>>>>>

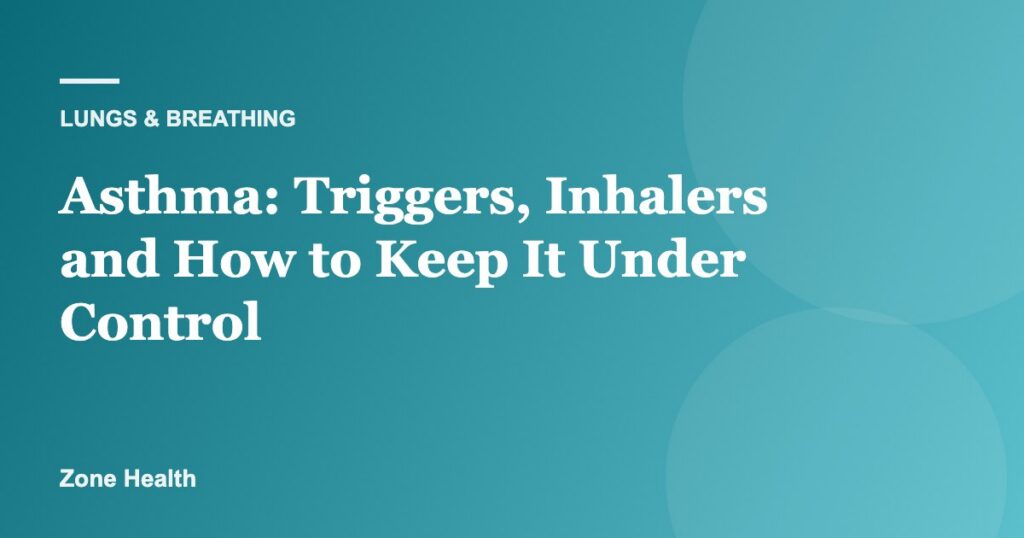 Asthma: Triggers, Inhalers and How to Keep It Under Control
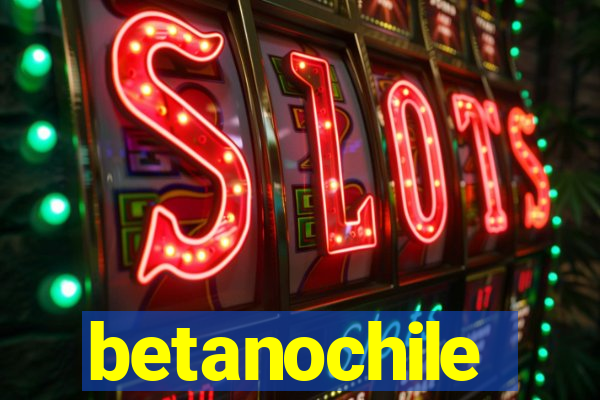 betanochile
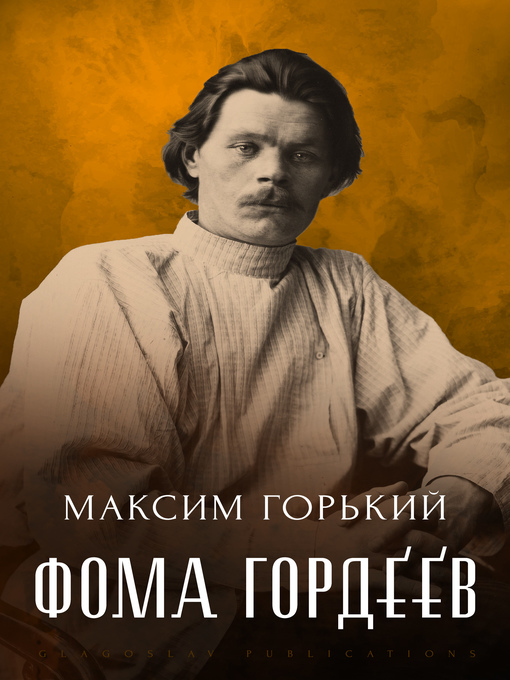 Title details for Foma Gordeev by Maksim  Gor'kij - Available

<<<<<

# [Directions for this task]
When a picture appears in the material, please pass over it while retyping the rest exactly.

# [Answer space]
 Asthma: Triggers, Inhalers and How to Keep It Under Control
 betanochile
 Title details for Foma Gordeev by Maksim  Gor'kij - Available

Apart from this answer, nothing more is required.